__DATA BELOW__:
▼

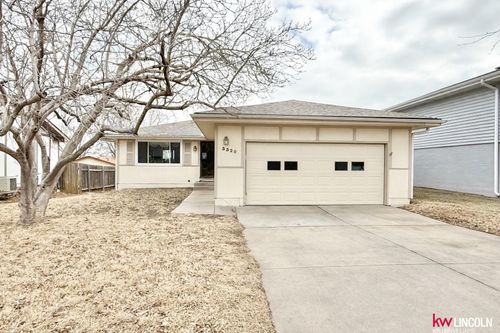 3320 N 73 Street, Lincoln, NE, 68507 | Card Image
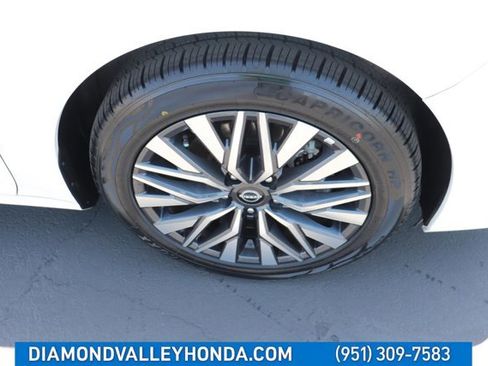 Used 2025 Nissan Altima 2.5 SV FWD image 23
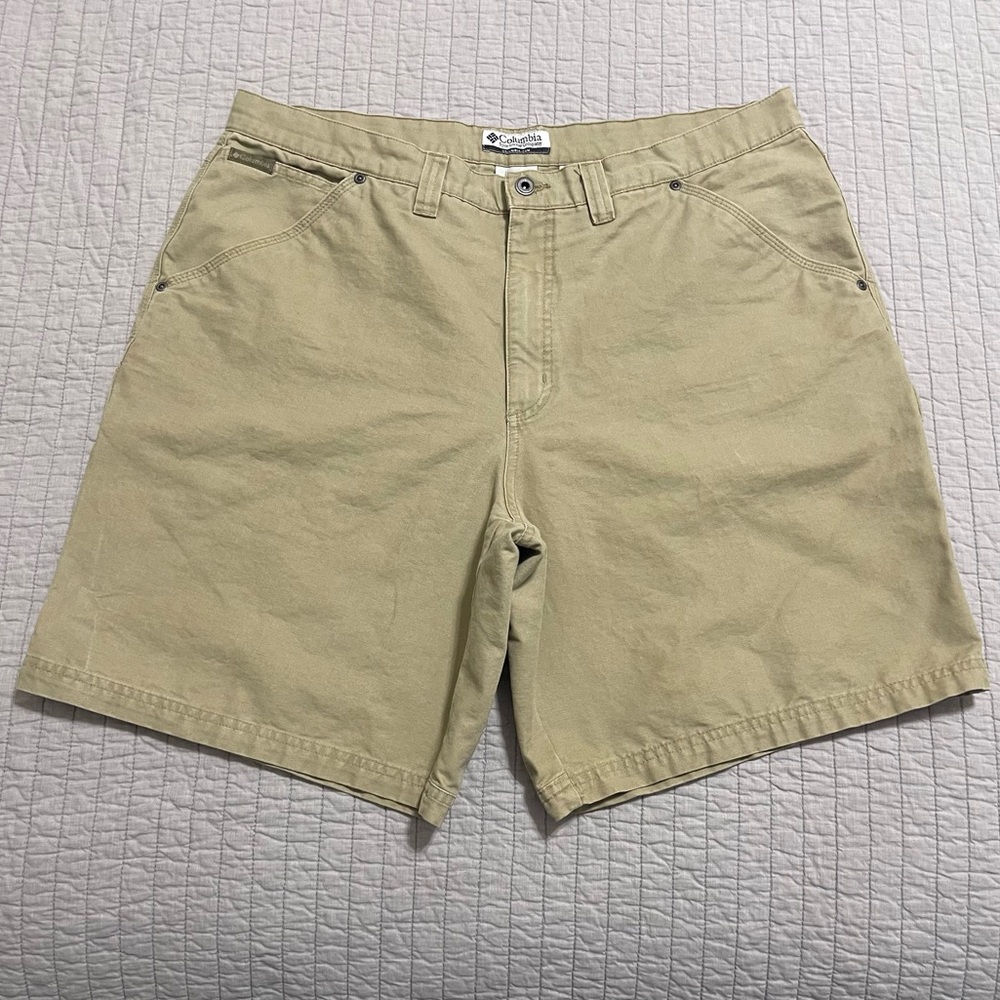 Columbia Men's UPF 50 Phinney Ridge Twill Cargo Shorts Size 40 Inseam 9” Tan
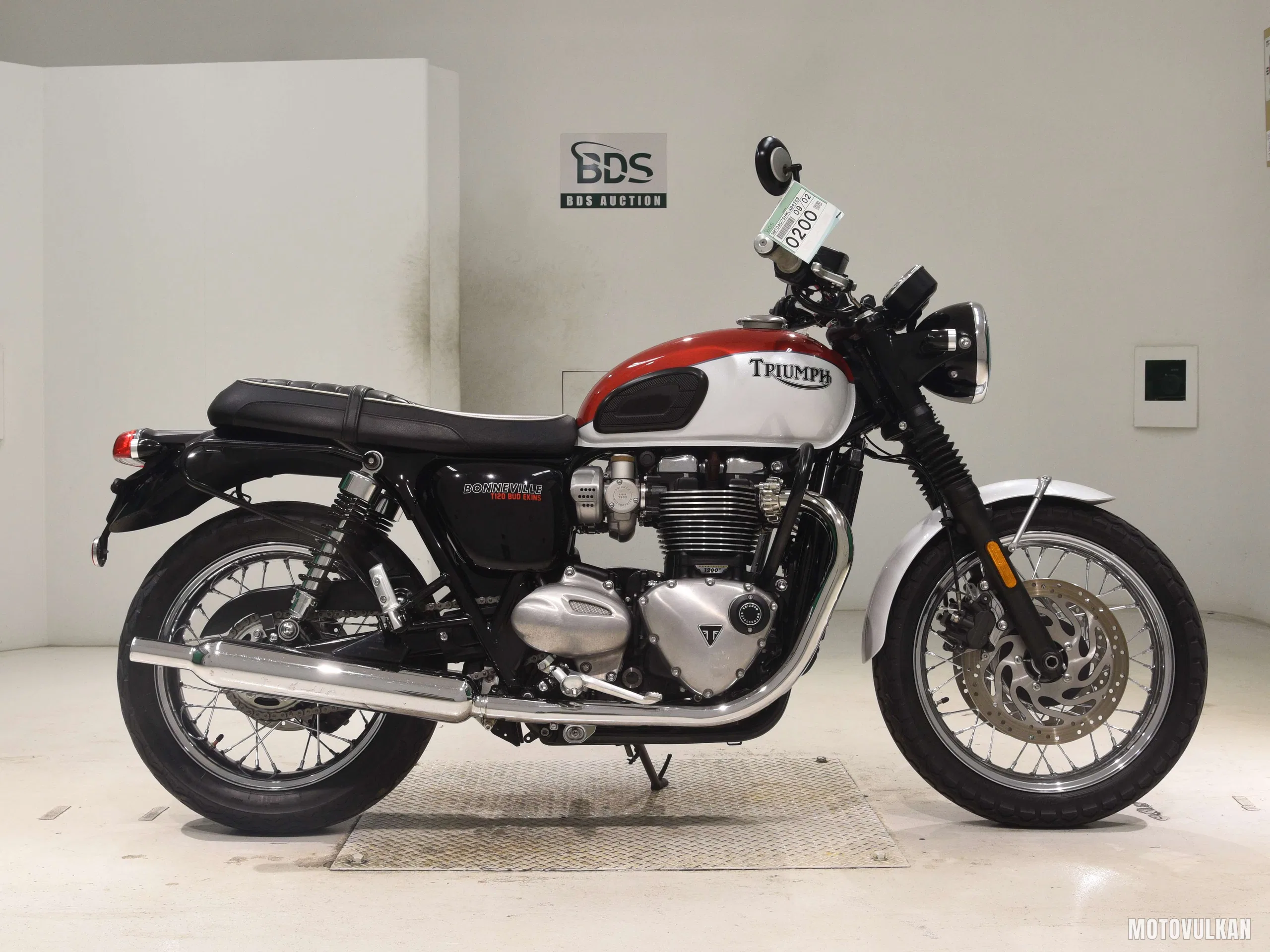  TRIUMPH BONNEVILLE T120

▲

__WORK INSTRUCTIONS__: The line with "Columbia Men's UPF" and each line after it, through the final line of the data, are to be duplicated exactly, with pictures left out and nothing more included.

__OUTPUT FOR THIS TASK__:
 Columbia Men's UPF 50 Phinney Ridge Twill Cargo Shorts Size 40 Inseam 9” Tan
  TRIUMPH BONNEVILLE T120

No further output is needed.